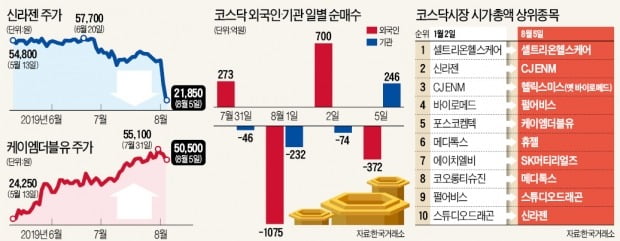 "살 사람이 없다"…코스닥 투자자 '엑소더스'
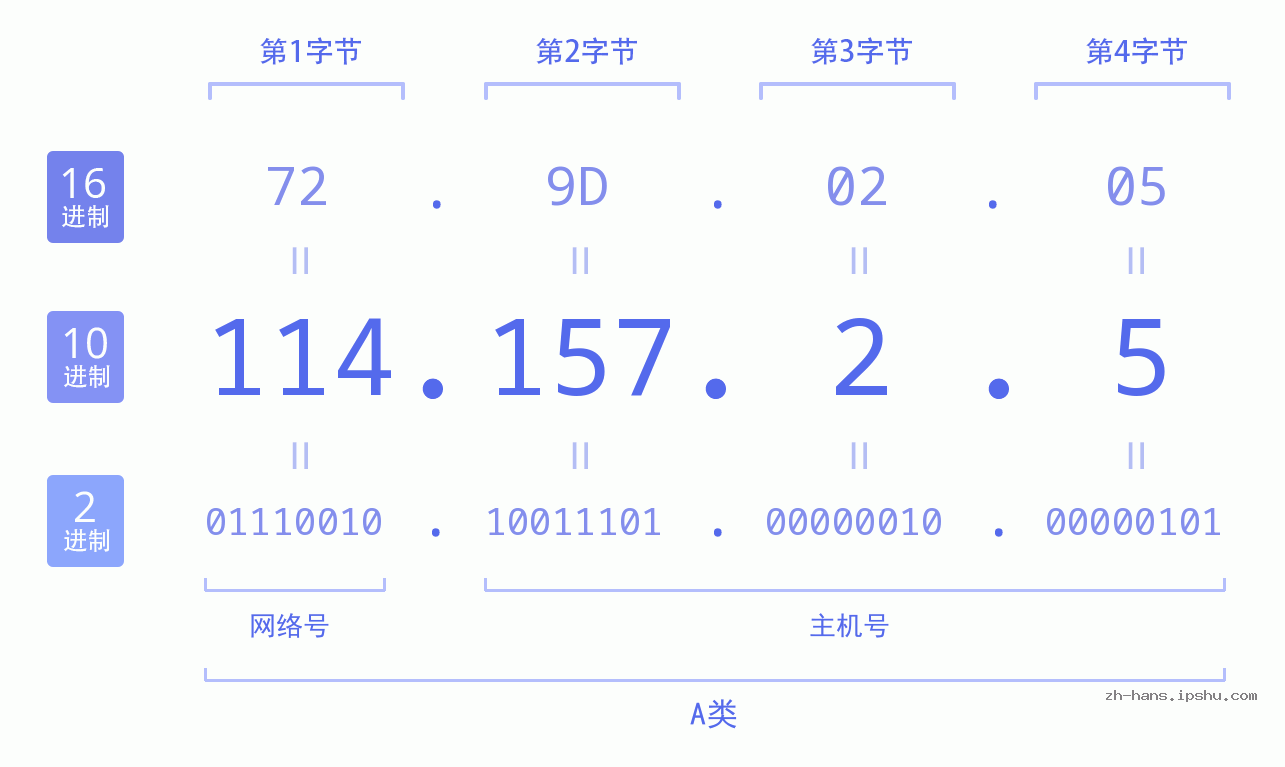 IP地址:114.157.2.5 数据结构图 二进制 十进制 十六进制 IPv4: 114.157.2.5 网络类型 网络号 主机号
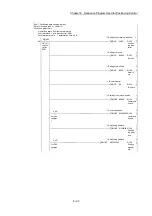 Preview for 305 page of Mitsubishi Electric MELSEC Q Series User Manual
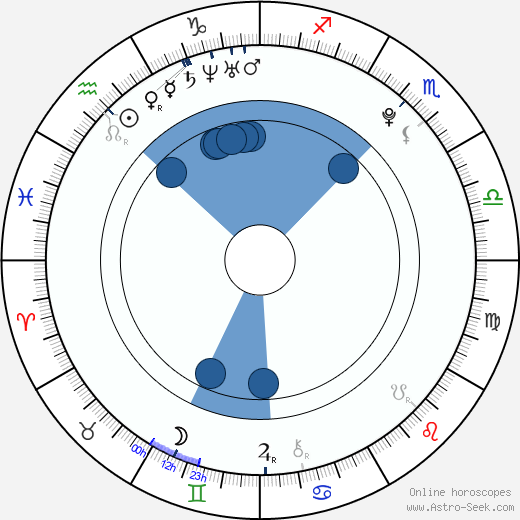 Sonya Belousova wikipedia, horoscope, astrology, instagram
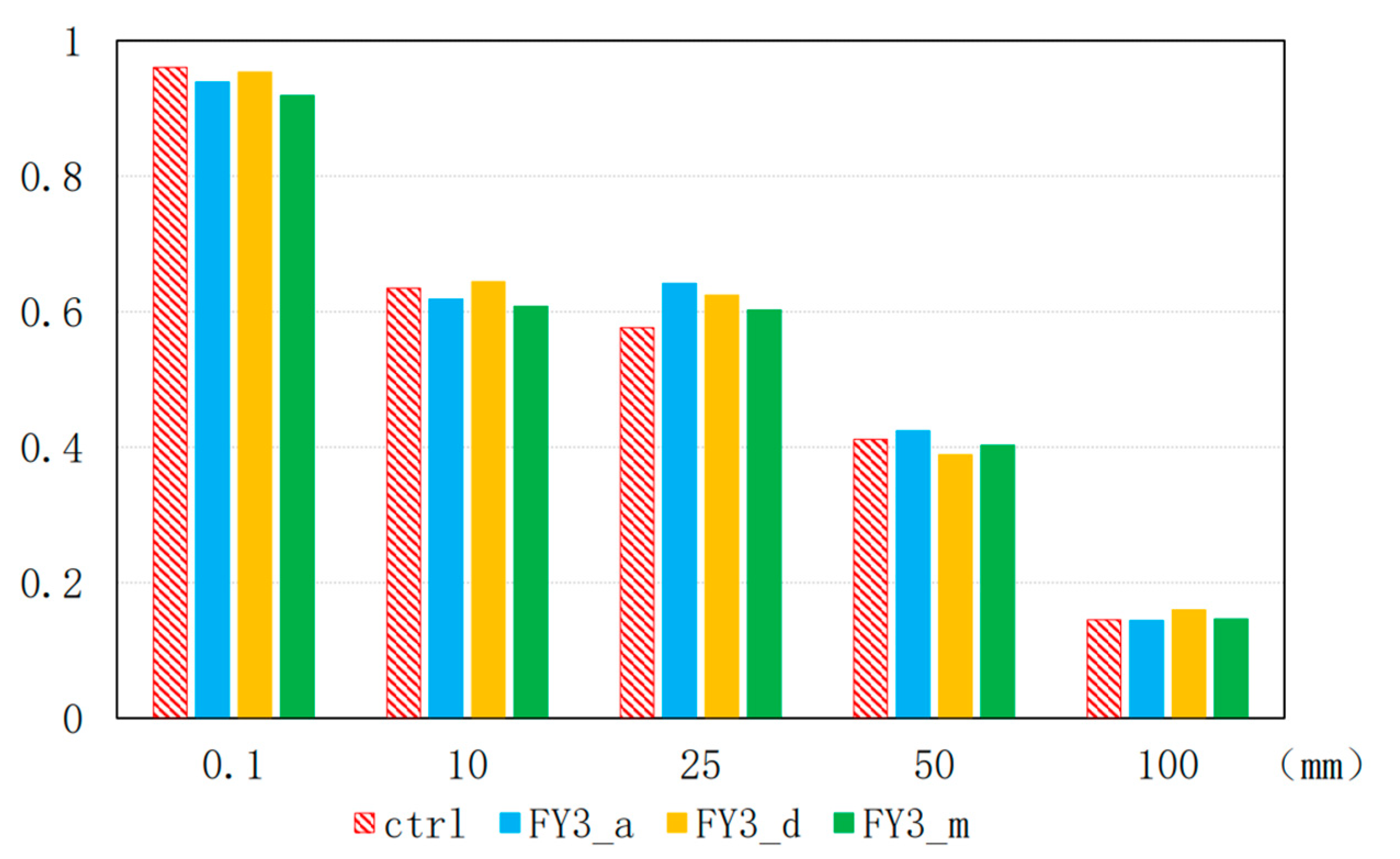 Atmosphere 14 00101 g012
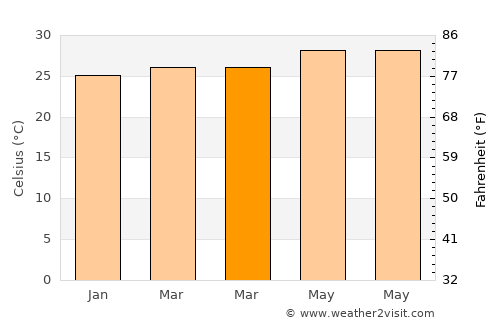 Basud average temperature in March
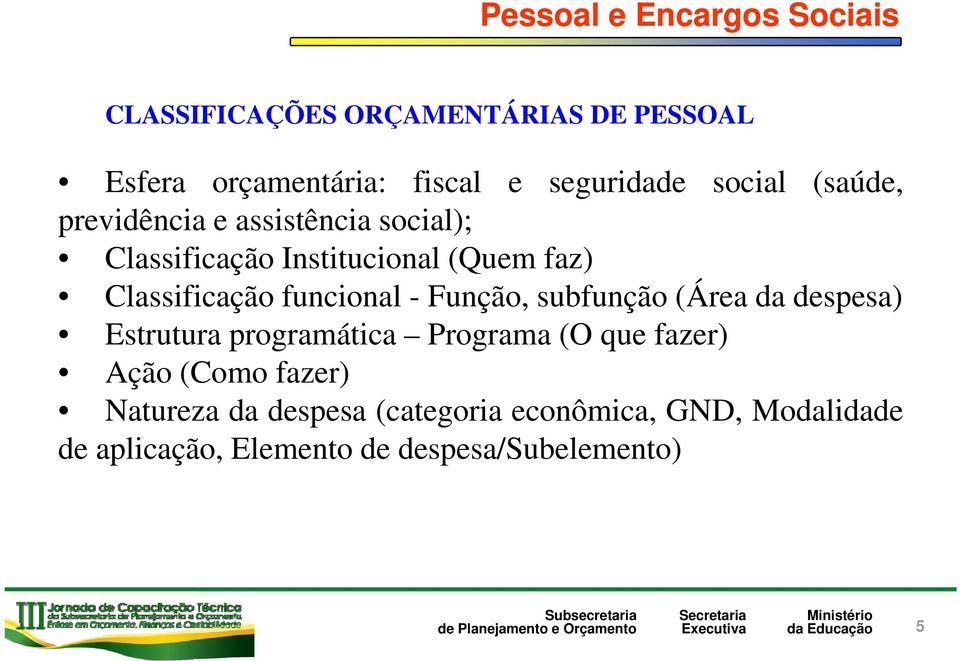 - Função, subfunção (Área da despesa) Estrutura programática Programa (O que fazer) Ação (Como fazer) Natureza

==

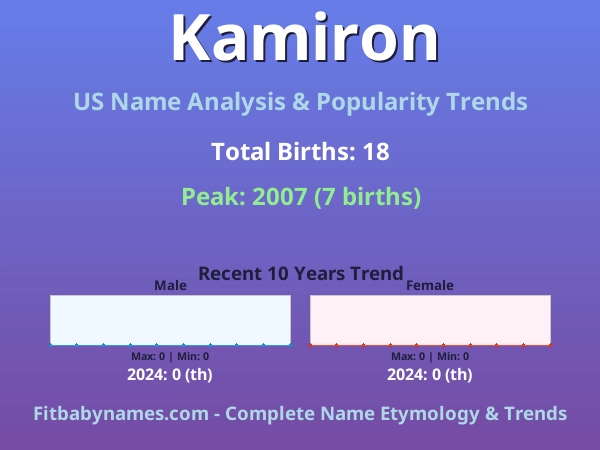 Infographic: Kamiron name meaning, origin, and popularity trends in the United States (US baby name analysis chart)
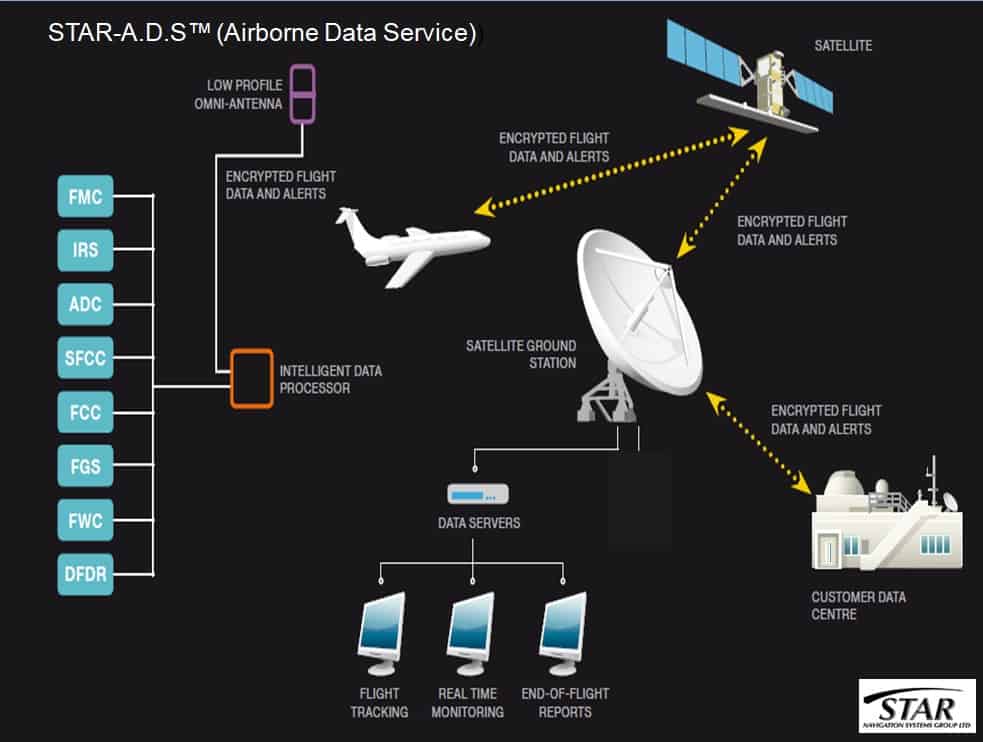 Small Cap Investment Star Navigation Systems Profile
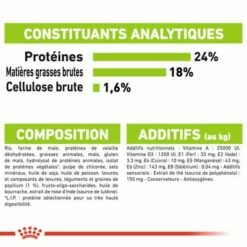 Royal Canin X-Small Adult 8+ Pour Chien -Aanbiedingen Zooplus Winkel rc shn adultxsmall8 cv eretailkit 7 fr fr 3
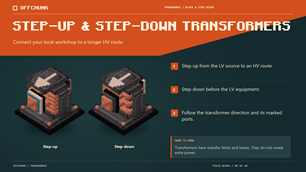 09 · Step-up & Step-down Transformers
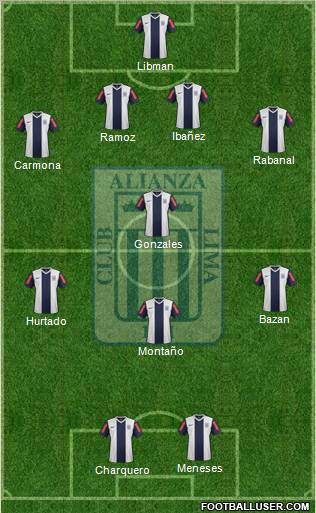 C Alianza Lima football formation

■ Assignment ■
Above are the records. Copy word for word only their lines from the one holding "Atmosphere 14 00101 g012" through the one holding "- Função, subfunção", both included, and skip the images.

■ Expected output ■
 Atmosphere 14 00101 g012
 Basud average temperature in March
 - Função, subfunção (Área da despesa) Estrutura programática Programa (O que fazer) Ação (Como fazer) Natureza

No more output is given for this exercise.